Ne yazık ki bu tablo yalnızca Kayseri’ye özgü değil. Türkiye’nin dört bir yanında, her gün bir evin kapısı acı haberle çalınıyor. Bir ailenin ocağı sönüyor, bir annenin yüreğine ateş düşüyor. Her yeni güne bir cinayet haberiyle uyanır olduk. Öyle ki artık kimse şaşırmıyor bile; alıştık sanki bu korkunç düzene. Ama insanın ölüme alışması, insanlığın bittiği noktadır.

Anlaşılan o ki adaletin terazisi, bu ülkede uzun zamandır dengesini kaybetmiş. Suç işleyen hak ettiği cezayı almıyor, mağdur olan ise bir ömür boyu acısıyla baş başa kalıyor. “Adalet yerini bulsun” diye haykıran insanların bile gözlerinde ki umut ışığı sönmeye başladı. Oysa adalet bir toplumun bel kemiğidir; kırıldığı yerde çöküş başlar. Bugün o çöküşü yaşıyoruz.

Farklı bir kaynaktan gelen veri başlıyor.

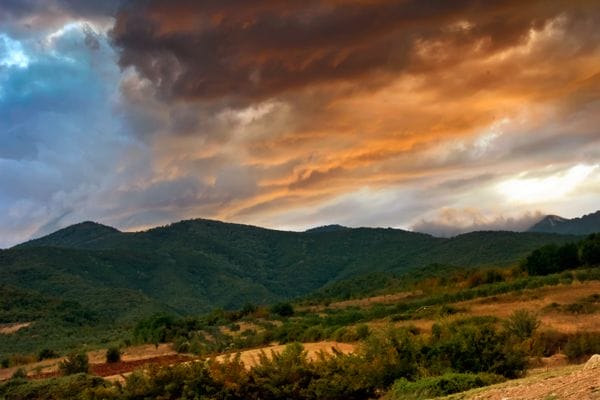 final-results final-results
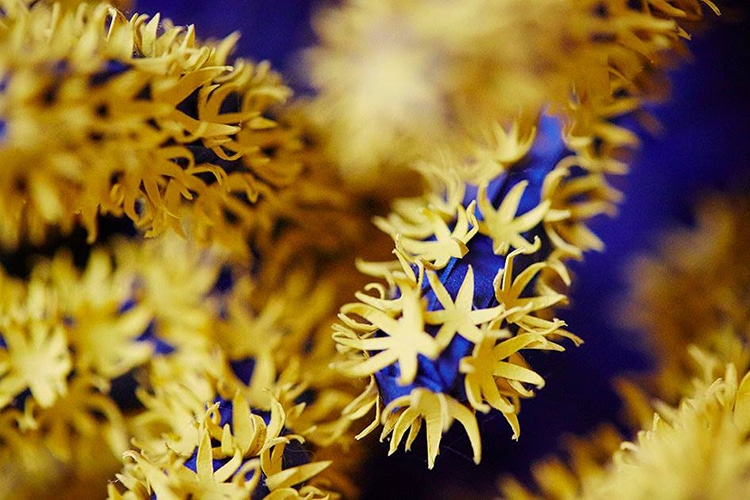 Paper Art Coral Reef by Mlle Hipolyte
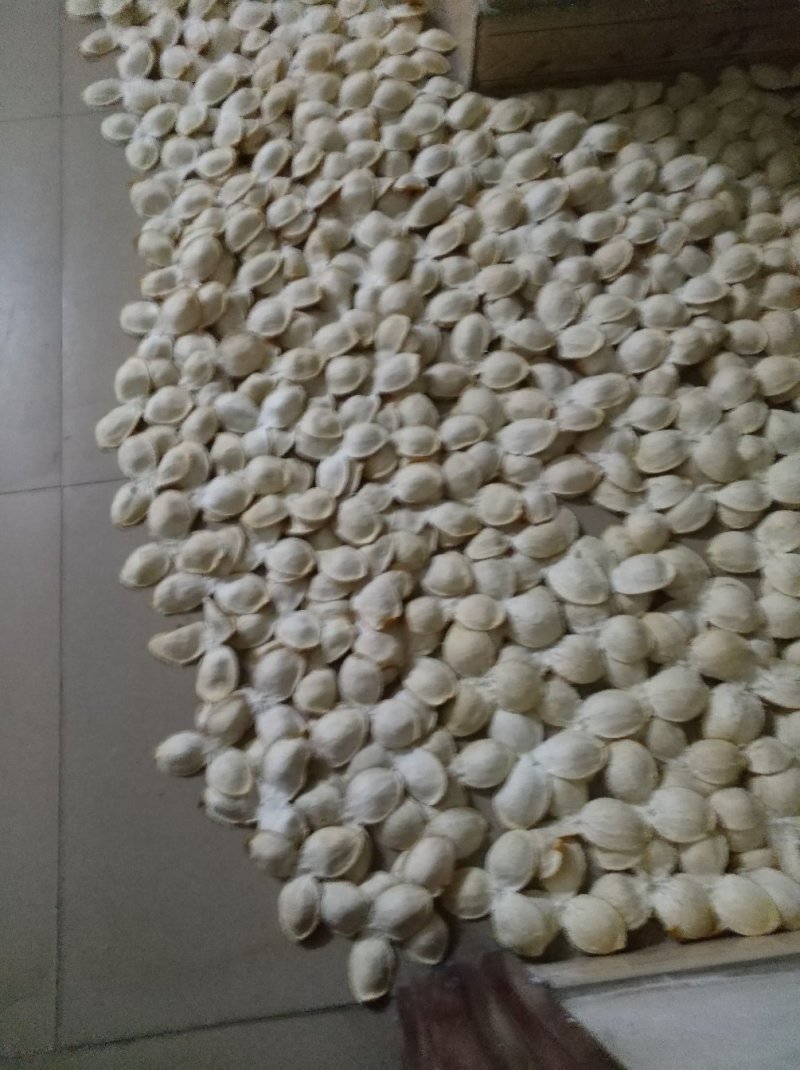 自然环保，无污染的地方种出来的陈皮，欢迎各老板前来采购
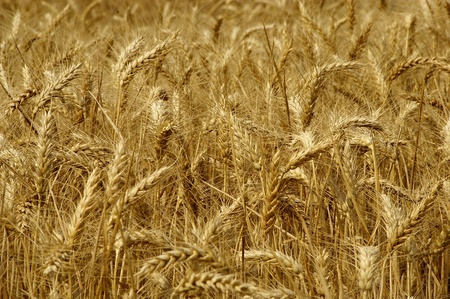 a nice view of a field of wheatの写真素材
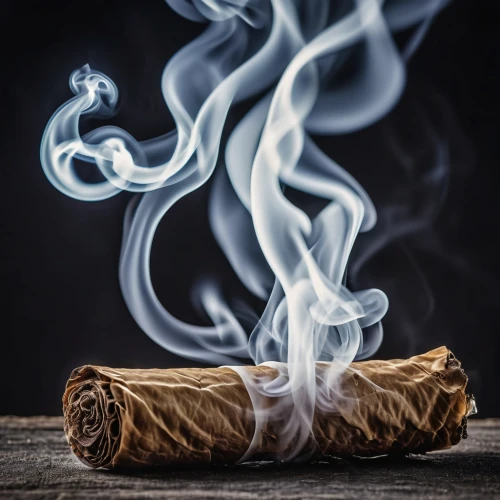 smoking cessation,smoke background,tobacco,cigar,cigar tobacco,cinnamon sticks,cinnamon stick,cuban cigar,yule log,chinese cinnamon,cigarettes on ashtray,smoke dancer,rolled cigarettes,abstract smoke,incenses,puffs of smoke,smoke art,smudge stick,cigars,smoking cigar,Photography,General,Realistic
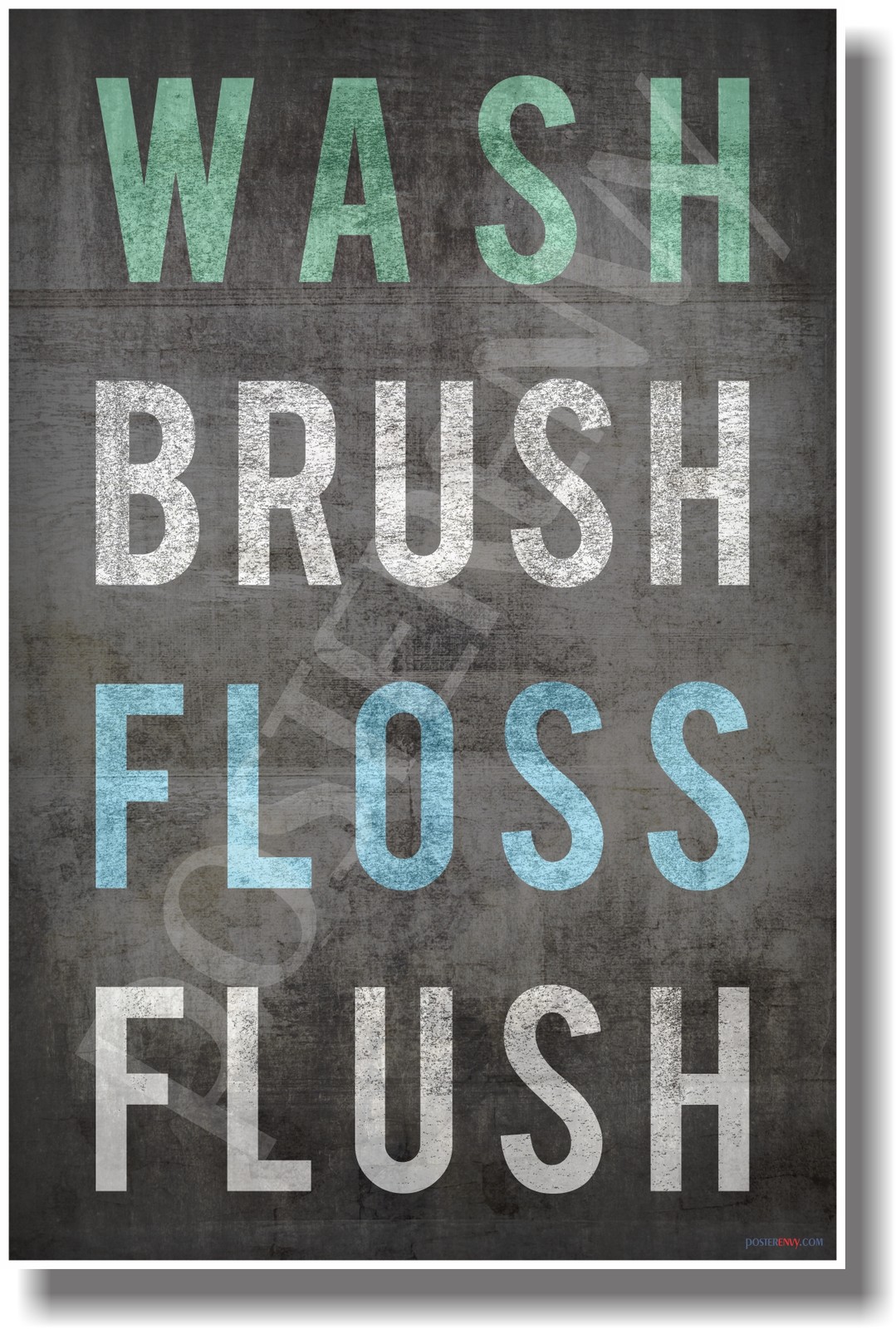 Wash Brush Floss Flush - NEW Health Poster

Artık rahatça sokakta yürüyemiyoruz. Okula giderken bile iki kere düşünür olduk. Evimizin bahçesinde otururken bile içimize bir huzursuzluk çöküyor. Çünkü biliyoruz ki, hayatın tam ortasında, bir anlık öfke ya da kin uğruna, bir can daha hayattan koparılabilir. Hayatının baharında bir anne, bir öğretmen, bir öğrenci, bir çocuk… Hepsi hiç acımadan bir cinayete kurban gidebiliyor.

Gün geçtikçe içimizdeki merhamet duygusu eriyor. Birbirimize tahammülümüz kalmadı. Küçük bir tartışma büyüyüp trajediye dönüşüyor. Ama zamanında “komşusu açken tok yatan bizden değildir” anlayışıyla büyüyen karıncayı incitmekten bile korkan bizler değimliydik? Nasıl bu noktaya geldik.
Bu karanlık tabloyu değiştirmek için önce vicdanlarımızı onarmamız gerekiyor. Çünkü kanunlar tek başına yeterli değil; adalet, önce yüreklerde başlar. Hak eden neden hak ettiği cezayı almıyor diye sormaya devam edeceğiz. Ama asıl soru şu: Daha kaç kişinin canı yanacak, daha kaç evin ocağı sönecek, daha kaç çocuk babasız, annesiz kalacak?

Toplum olarak çöküşün eşiğindeyiz. Eğer adaleti yeniden tesis edemez, merhameti yeniden hatırlayamazsak, bu çöküş sadece sokakta değil, kalbimizin tam ortasında gerçekleşecek. Ve o zaman, geriye dönecek bir insanlık kalmayacak.